PKK’nın yakın zamanda yayımladığı bildiriye atıf yapan açıklamada, örgütün sözde barış diliyle teslimiyetini gizlemeye çalıştığı belirtildi. “PKK silahlarını bırakmak zorunda kaldıysa bu barış değil, açık bir teslimiyettir. Türk devletinin muhatabı bir terör örgütü olamaz. Türk vatandaşları arasında hiçbir zaman savaş olmadı ki barıştan söz edilsin” ifadeleriyle PKK bildirisi reddedildi.

Açıklamanın en dikkat çekici bölümlerinden biri, Türkiye’de yeniden gündeme gelen anayasa değişikliği tartışmaları üzerineydi. Dernekler, bu tartışmaları yalnızca hukuki bir süreç olarak değil, Türkiye Cumhuriyeti’ne karşı başlatılan yeni bir siyasi saldırı olarak nitelendirdi. “Türkiye yeni ve zorlu bir savaşın içindedir. Bu savaşın en önemli cephesi Anayasa üzerinden yürütülecektir” denilen açıklamada, özellikle anayasanın ilk dört maddesinin ve başlangıç bölümünün hedef alındığı öne sürüldü.

Mevcut anayasanın, Türkiye Cumhuriyeti'nin laik, demokratik, sosyal bir hukuk devleti olduğunu güvence altına aldığı hatırlatılarak, bu temel ilkeleri zedelemeye yönelik her girişimin Türkiye’nin egemenliğine karşı bir saldırı olduğu vurgulandı. Özellikle 5, 6, 7, 8, 9, 10, 11, 42, 66, 76, 81, 103, 127, 134 ve 174. maddelerin de bu kapsamda tehlikede olduğu savunuldu.

Basın açıklamasında Lozan Antlaşması’nın önemi ayrı bir başlık olarak ele alındı. Lozan’ın yalnızca Türkiye’nin sınırlarını belirleyen bir antlaşma değil, aynı zamanda Türk milletinin egemenliğini ilan eden bir siyasi manifesto olduğu ifade edildi. Bu bağlamda, 1924, 1961 ve 1982 anayasalarının her birinin bu egemenlik anlayışını anayasal güvenceye kavuşturduğu hatırlatıldı. “Egemenlik Türk milletinindir. Bu hak pazarlık konusu yapılamaz, devredilemez” denilerek anayasa üzerinden yapılacak her müdahalenin Cumhuriyet'e ihanet anlamı taşıyacağı belirtildi.

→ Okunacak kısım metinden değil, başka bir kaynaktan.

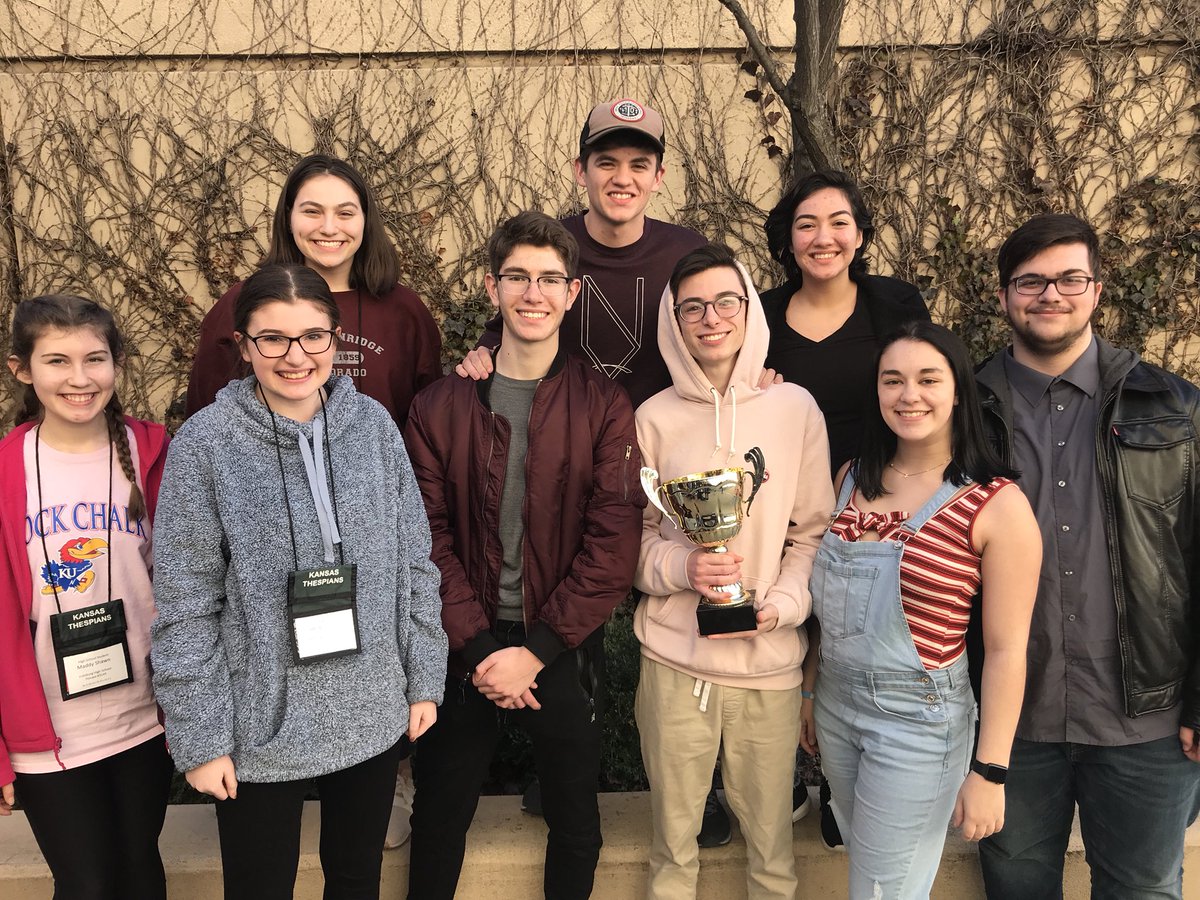 PHSPerforms's tweet photo. PHS Theatre’s one-act play, “Dog Sees God,” directed by junior McKenna Shaw, won first place at State, qualifying for Internationals - the first time PHS has won the one-act competition! #KSThesFest19 @PittsburgUSD250 @DragonActivity @mshawdance https://t.co/wjphW8rObb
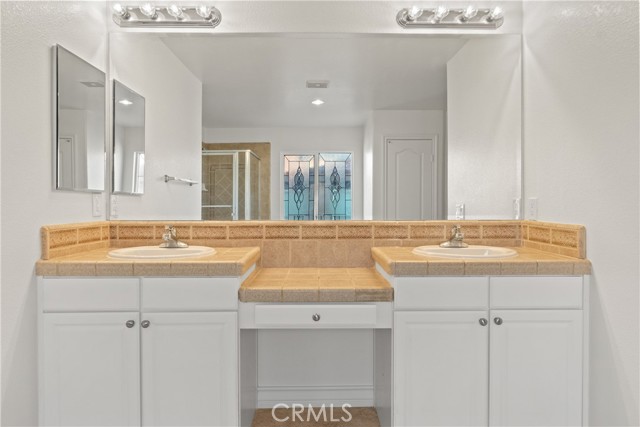 37707 Tamarind Court, Palmdale CA: https://media.crmls.org/medias/75852ce6-1755-4462-9e7b-50a729c2a832.jpg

Açıklamada ayrıca PKK’nın bildirisi için kullanılan dilin Türkiye’de yeni bir “siyasal sorun” yaratma amacı taşıdığı öne sürüldü. Terör örgütüne atfedilen taleplerin gerçekte onu yönlendiren emperyalist güçlerin yazdığı bir senaryo olduğu belirtilerek, bu çabanın Cumhuriyet’in kurucu değerlerini hedef aldığı vurgulandı.

Dernekler, Türkiye’nin geçmişte de benzer tuzaklarla karşılaştığını ve her seferinde bu oyunları bozduğunu hatırlattı. Sevr Antlaşması örneği verilerek, o dönem de Türkiye’yi bölme hayali kuranların Atatürk’ün liderliğinde tarihe gömüldüğü belirtildi. “Bugün de aynı sahneye hazırlık yapılıyor. Ancak Türk milleti bu oyunları bozacak güç ve bilince sahiptir” denildi.

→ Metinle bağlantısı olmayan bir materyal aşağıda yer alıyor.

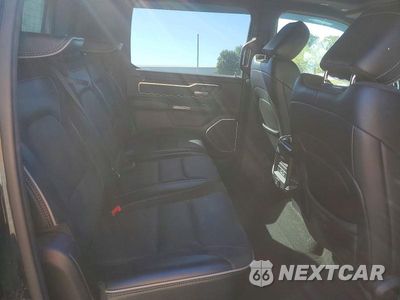 Zdjęcie 10 z 12 samochodu: 2019 RAM 1500 LARAMIE VIN:1C6SRFJT4KN908636 - miniatura
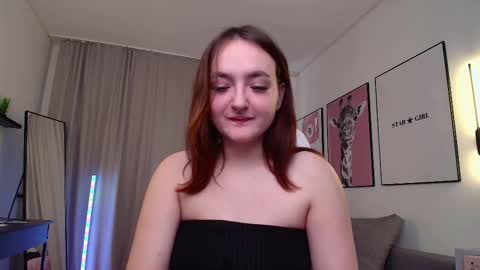 Snapshot of kris_loken chatting on 23, 11, 2025 kris_loken online show from 23, 11, 2025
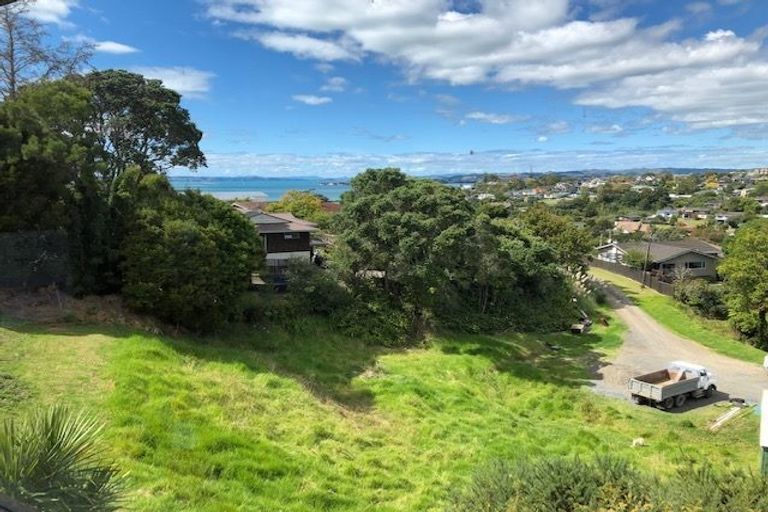 Photo of property in 153 Bleakhouse Road, Mellons Bay, Auckland, 2014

Ortak basın açıklamasında TBMM’deki milletvekillerine de doğrudan çağrıda bulunuldu. “Bu tarihi süreçte görev yapan her milletvekili, Türk milletinin egemenliğini korumakla sorumludur. Anayasa’nın kurucu ruhuna ihanet eden hiçbir düzenlemeye destek verilmemelidir. Bu millete sadakat gösteren vekiller tarih önünde onurla anılacaktır” denilerek, milletvekillerine uyarı ve destek mesajı birlikte iletildi.

Açıklamanın sonunda, “Sonsuza kadar Lozan, sonsuza kadar Kemalist Cumhuriyet” ifadeleriyle Türkiye Cumhuriyeti’nin kurucu ilkelerine bağlılık yinelendi. Bu cümleyle, açıklamanın içeriği duygusal değil ama net bir duruşla tamamlandı. Dernekler, Türkiye’nin geleceğinin emperyalizme değil, milletin egemenlik iradesine teslim edileceğini vurgulayarak açıklamalarını noktaladı.